Problem details:
From the line below containing "Semi-furnished 4 Bedroom" to the final line, print each line exactly as written. No pictures belong in the copy.

[Records from a collection]
• • • •

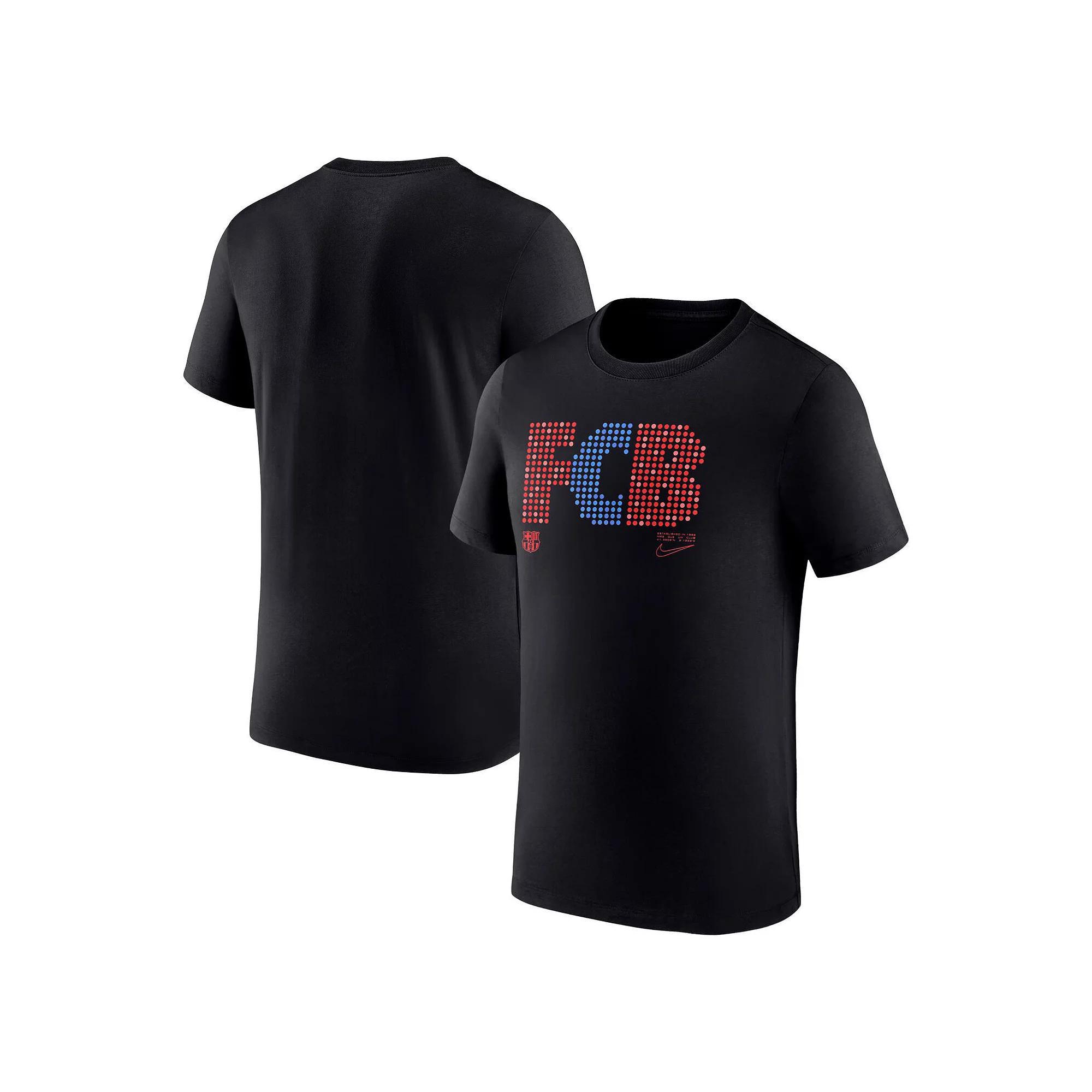 Men's Nike Black Barcelona Lights T-Shirt, Size: Medium, Bar Black Product Image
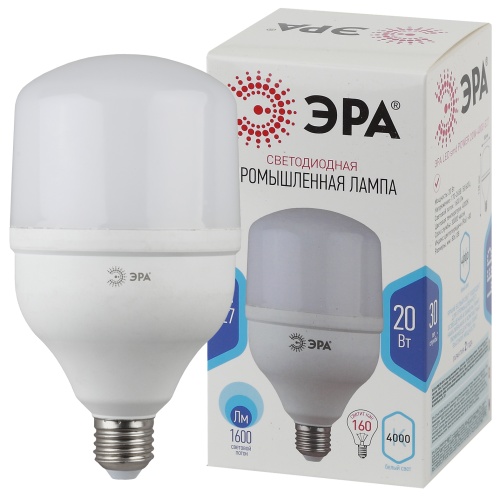 LED POWER T80-20W-6500-E27 ЭРА (диод, колок, 20Вт, хол, E27) (40/800) (40/1280) LED POWER T80-20W-6500-E27 ЭРА (диод, колок, 20Вт, хол, E27) (40/800) (40/1280)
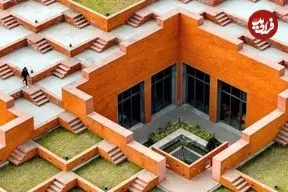 تصاویر| طراحی خلاقانه پردیس دانشگاه پرستیژ؛ تلفیق فضاهای آموزشی با تراس‌های پلکانی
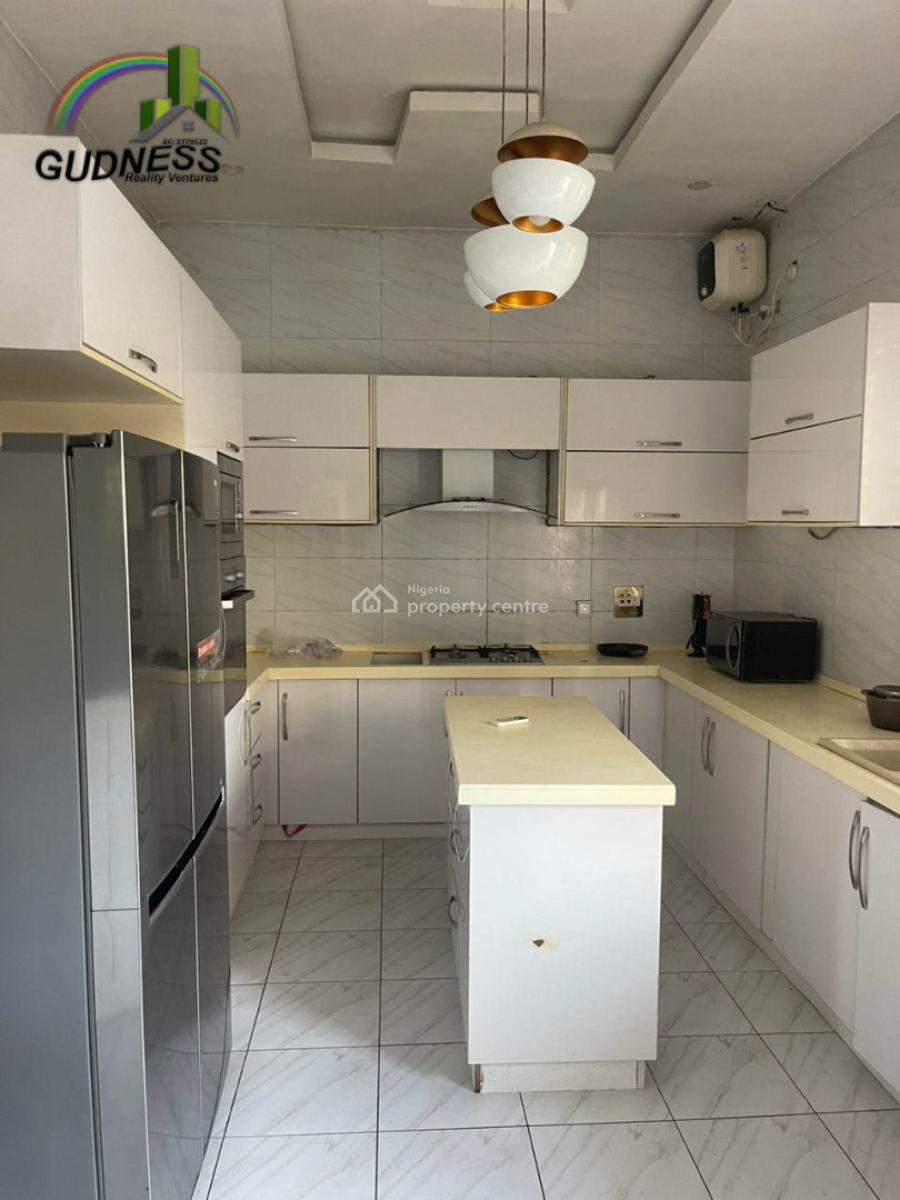 Semi-furnished 4 Bedroom Semi Detached Duplex with Bq, Ikota, Lekki, Lagos, Semi-detached Duplex for Rent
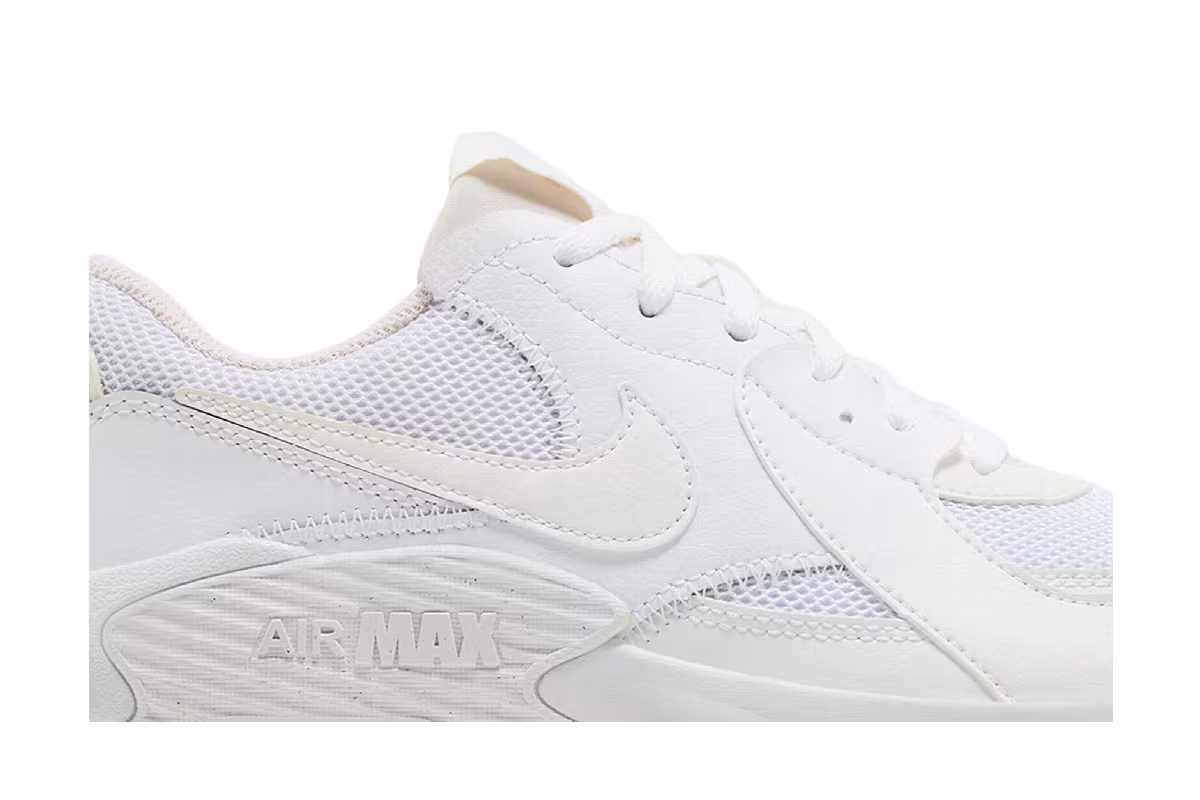 Nike Air Max Excee GS Triple White, view 3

• • • •

Result of the task:
 Semi-furnished 4 Bedroom Semi Detached Duplex with Bq, Ikota, Lekki, Lagos, Semi-detached Duplex for Rent
 Nike Air Max Excee GS Triple White, view 3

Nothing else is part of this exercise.